* **What this task involves**
Below is a listing. Set down exactly the lines from the one containing "Alfombra de pasillo" through the one containing "Naruto: Shippuden Ep", both ends included, and leave out the rest.

* **Given entries**
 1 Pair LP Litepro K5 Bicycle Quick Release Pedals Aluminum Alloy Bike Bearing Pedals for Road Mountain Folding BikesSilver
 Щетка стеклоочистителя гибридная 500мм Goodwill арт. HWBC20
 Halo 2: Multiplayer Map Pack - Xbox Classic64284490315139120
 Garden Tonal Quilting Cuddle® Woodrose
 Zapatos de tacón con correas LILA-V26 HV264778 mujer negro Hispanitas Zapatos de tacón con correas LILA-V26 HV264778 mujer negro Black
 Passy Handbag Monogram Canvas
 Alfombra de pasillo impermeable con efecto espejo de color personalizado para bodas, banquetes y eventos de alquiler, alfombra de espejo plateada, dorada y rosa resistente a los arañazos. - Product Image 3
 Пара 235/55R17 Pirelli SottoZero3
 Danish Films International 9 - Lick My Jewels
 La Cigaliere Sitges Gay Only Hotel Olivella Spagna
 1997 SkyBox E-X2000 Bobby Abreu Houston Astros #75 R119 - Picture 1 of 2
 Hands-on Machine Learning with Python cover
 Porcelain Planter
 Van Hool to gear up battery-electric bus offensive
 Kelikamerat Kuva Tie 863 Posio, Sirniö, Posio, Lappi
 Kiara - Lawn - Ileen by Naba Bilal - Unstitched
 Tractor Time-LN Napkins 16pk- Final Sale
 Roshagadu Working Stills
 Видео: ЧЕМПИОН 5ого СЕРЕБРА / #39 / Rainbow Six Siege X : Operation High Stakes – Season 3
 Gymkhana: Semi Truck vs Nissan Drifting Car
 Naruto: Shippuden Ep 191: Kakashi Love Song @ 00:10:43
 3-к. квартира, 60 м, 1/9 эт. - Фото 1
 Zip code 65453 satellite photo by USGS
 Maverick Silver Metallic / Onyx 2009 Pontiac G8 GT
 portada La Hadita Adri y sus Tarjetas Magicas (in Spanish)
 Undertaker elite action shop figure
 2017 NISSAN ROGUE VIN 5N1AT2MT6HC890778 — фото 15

* **Expected answer**
 Alfombra de pasillo impermeable con efecto espejo de color personalizado para bodas, banquetes y eventos de alquiler, alfombra de espejo plateada, dorada y rosa resistente a los arañazos. - Product Image 3
 Пара 235/55R17 Pirelli SottoZero3
 Danish Films International 9 - Lick My Jewels
 La Cigaliere Sitges Gay Only Hotel Olivella Spagna
 1997 SkyBox E-X2000 Bobby Abreu Houston Astros #75 R119 - Picture 1 of 2
 Hands-on Machine Learning with Python cover
 Porcelain Planter
 Van Hool to gear up battery-electric bus offensive
 Kelikamerat Kuva Tie 863 Posio, Sirniö, Posio, Lappi
 Kiara - Lawn - Ileen by Naba Bilal - Unstitched
 Tractor Time-LN Napkins 16pk- Final Sale
 Roshagadu Working Stills
 Видео: ЧЕМПИОН 5ого СЕРЕБРА / #39 / Rainbow Six Siege X : Operation High Stakes – Season 3
 Gymkhana: Semi Truck vs Nissan Drifting Car
 Naruto: Shippuden Ep 191: Kakashi Love Song @ 00:10:43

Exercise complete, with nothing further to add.